Weihnachten ist vorbei, ich habe noch nicht alle Weihnachtskarten geschrieben. Auf alle Weihnachtskarten, die ich geschrieben habe, habe ich geschrieben, dass ich hoffe, dass das kommende Jahr anders wird als dieses, dieses verwirrende, vertrackte Jahr. Ich lasse all die anderen Adjektive, die mit „ver“ beginnen, weg. Ich gehe spazieren, beinahe jeden Tag. Ich langweile mich beim Spazierengehen. Ich sehne mich danach, die Stadt zu verlassen, andere Menschen, andere Anblicke, sehne mich danach, an einem Rezeptionstresen zu stehen, guten Tag, ich habe ein Zimmer gebucht. Ich habe kein Zimmer gebucht, in alle Weihnachtskarten schreibe ich Gesundheits-Wünsche, aber das habe ich vermutlich auch vor Corona getan, in all den anderen Jahren. Bei einem Spaziergang fliegt zwei Mal ein ADAC-Hubschrauber über meinen Kopf hinweg Richtung Krankenhaus, was geschieht, wenn sie nicht da ist, diese Gesundheit.

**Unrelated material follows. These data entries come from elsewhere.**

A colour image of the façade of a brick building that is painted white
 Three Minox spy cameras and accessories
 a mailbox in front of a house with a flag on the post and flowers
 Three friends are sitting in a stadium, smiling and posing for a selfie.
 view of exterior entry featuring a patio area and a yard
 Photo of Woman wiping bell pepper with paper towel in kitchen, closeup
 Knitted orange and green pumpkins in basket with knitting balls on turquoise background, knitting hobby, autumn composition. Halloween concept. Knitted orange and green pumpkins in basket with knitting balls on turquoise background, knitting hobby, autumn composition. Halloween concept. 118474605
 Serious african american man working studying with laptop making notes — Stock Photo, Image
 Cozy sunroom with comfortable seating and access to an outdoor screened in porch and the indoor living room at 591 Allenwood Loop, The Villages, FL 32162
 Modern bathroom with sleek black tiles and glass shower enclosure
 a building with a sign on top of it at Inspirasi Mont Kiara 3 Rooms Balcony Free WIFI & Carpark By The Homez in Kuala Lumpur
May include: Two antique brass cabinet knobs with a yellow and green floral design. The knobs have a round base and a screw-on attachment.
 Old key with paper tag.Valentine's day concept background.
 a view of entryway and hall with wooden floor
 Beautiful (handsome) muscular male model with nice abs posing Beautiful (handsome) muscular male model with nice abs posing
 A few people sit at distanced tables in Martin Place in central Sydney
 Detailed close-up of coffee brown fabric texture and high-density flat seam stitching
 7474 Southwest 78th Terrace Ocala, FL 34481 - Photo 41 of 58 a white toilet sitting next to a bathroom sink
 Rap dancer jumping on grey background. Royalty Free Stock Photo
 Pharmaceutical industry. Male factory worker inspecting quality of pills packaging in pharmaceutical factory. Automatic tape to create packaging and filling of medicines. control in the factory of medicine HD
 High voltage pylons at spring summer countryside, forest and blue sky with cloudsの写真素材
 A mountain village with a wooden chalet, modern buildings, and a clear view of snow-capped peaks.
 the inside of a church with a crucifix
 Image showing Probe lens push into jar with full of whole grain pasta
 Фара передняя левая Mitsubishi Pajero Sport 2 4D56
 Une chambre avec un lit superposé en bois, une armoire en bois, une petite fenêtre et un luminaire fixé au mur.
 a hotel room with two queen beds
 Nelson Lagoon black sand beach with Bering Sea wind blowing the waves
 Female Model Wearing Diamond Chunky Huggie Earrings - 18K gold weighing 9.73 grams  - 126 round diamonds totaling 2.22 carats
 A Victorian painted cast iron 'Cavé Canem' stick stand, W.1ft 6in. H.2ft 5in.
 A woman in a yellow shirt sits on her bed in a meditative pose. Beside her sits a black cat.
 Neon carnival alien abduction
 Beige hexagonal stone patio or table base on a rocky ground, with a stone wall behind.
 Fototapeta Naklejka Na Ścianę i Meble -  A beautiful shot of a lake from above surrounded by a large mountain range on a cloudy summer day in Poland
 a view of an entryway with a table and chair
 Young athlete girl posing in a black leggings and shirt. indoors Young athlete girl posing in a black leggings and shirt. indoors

Am Morgen des ersten Weihnachtsfeiertages werde ich vom Kreischen des Kindes geweckt: Er muss spucken. Er muss den ganzen Tag spucken, das arme Kind, traut sich erst einmal gar nicht aus dem Bad heraus, also machen wir ein Lager auf dem Fliesenboden: Decken, Kissen, er spuckt, schlummert, ich lege ihm einen kalten Waschlappen ins Gesicht. So gemein, sagt er, so gemein, an Weihnachten krank zu werden, später, als wir auf der Couch liegen, er in meinem Arm, mit halb geschlossenen Augen, und sein Bruder sitzt neben uns, wir spielen ein Spiel, das er geschenkt bekommen hat, ich spiele so gut es geht in dieser Position, mit einem kranken Kind im Arm, müde, und immer diese Frage im Hinterkopf: Müssen wir ihn testen lassen? Magen-Darm-Beschwerden können bei Kindern ein Symptom sein. Ich will nicht in einem Leben sein, in dem ich alle Symptome einer Krankheit kenne.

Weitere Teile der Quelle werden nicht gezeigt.